> **Description of the task**
Since the records include pictures, leave those out while you reproduce exactly and only the lines from the one containing "Used 2023 Lincoln" through the one containing "Bundesarchiv_Bild_183-10508-0001__Berlin__Petrikirche__Ruine", inclusive.

> **Recorded information**
________
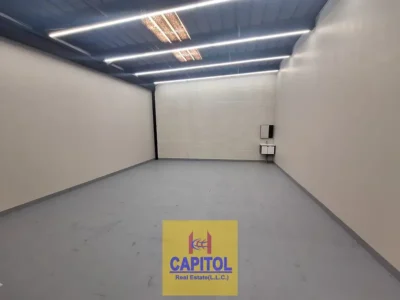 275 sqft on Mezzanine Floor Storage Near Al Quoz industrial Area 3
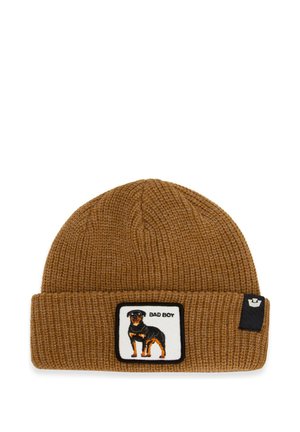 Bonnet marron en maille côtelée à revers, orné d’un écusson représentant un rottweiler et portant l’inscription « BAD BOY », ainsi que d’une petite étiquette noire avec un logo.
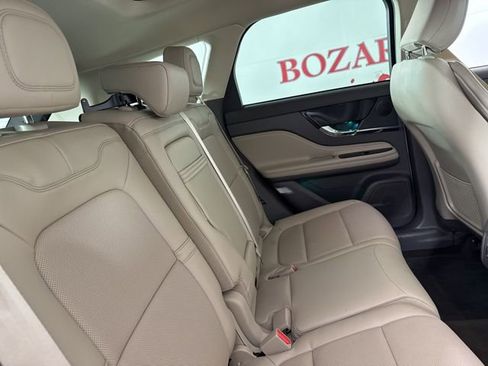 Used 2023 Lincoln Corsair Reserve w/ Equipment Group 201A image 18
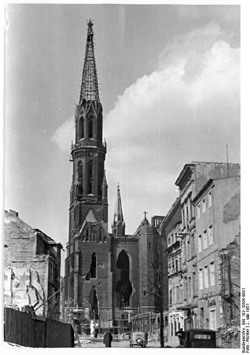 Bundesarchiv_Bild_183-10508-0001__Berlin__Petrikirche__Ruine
________
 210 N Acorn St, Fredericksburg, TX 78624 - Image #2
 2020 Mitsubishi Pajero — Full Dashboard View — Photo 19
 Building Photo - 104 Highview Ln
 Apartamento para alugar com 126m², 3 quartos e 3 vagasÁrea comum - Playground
________
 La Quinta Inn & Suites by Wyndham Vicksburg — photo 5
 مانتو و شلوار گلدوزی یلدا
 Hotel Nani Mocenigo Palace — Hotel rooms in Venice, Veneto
________
> **Written response**
 Used 2023 Lincoln Corsair Reserve w/ Equipment Group 201A image 18
 Bundesarchiv_Bild_183-10508-0001__Berlin__Petrikirche__Ruine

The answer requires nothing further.